Are there any unique experiences that a person can gain from working as an engineering manager at SGDC compared with other companies in the Philippines?

Edward:The biggest difference between us and other companies is our environment in which we can always keep challenging ourselves. In typical IT companies in the Philippines, after you join, you'll spend the first few years building yourself up in your first position, and then you'll move up to a more senior position. SGDC, however, provides talented people with opportunities so they can take on new positions in about 6 months. Of course, with challenges come responsibilities, but people can grow through these opportunities.

I myself initially managed only a small number of engineers, but as the organization grew, the number of people I managed grew as well. In the process, I've improved my skills and I believe I'll be able to grow even more when new engineering managers join the company, because I’ll be responsible for managing not only the members but also the managers.

Yuya:I think there are two major differences between us and other companies. First, there aren't many opportunities out there to manage a rapidly growing organization. We’re currently starting up a base going from 0 to 1 and we see it expanding rapidly in the future. There are limitless things that need to be done. It’s a great opportunity to be able to take on challenges in such an environment.

The second difference is the exposure to Japanese culture within SGDC. With several engineering manager candidates who I’ve interviewed here, when I asked them why they applied with us, I was very impressed when they answered, "Because it's a Japanese company." There are people in the Philippines who are interested in Japan, and I think it's attractive for them to be able to interact with Japan while working at SGDC.

Making SGDC grow even faster

What do you see as the future of the SGDC?

Yuya:We have members with ample potential, yet we’re not yet able to maximize that potential. We’re also now mainly developing Bill One, and though we're aiming for product-market fit globally, it's still in an exploratory stage as a product.

However, if the right circumstances come together, we should be able to get that fit in one fell swoop. Also, regarding the size of Bill One's development organization, I think the headcount at SGDC will soon exceed that of Japan. Once the management structure is in place, SGDC should be able to produce strong business results.

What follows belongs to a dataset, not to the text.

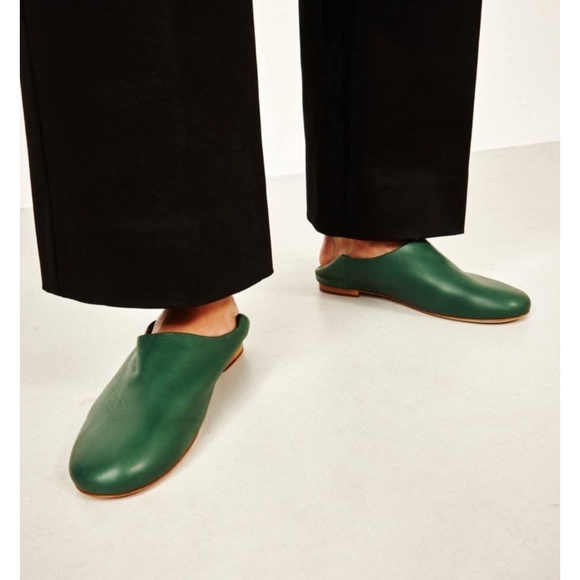 Marimekko Moroccan Leather Slipper Size 40 Green Size US 10 - Picture 1 of 9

In the future, I'd like SGDC to become not just an organization that creates Bill One but rather an organization that creates products for Sansan as a whole, working jointly with the Engineering Division in Japan. Since many SGDC members are highly motivated to learn and have great potential, it would be great if we could build a relationship of mutual, friendly competition between Japan and SGDC.

Edward:As Yuya said, SGDC has members with great potential. As an engineering manager, I have the important responsibility of working side by side with our members to maximize the organization’s results.

I’d like future engineering managers at SGDC to be people who can face various challenges that arise in the organization in a positive and proactive way. I'd like to work with people who are self-motivated in any situation and who consider what happens in the organization as their personal responsibility.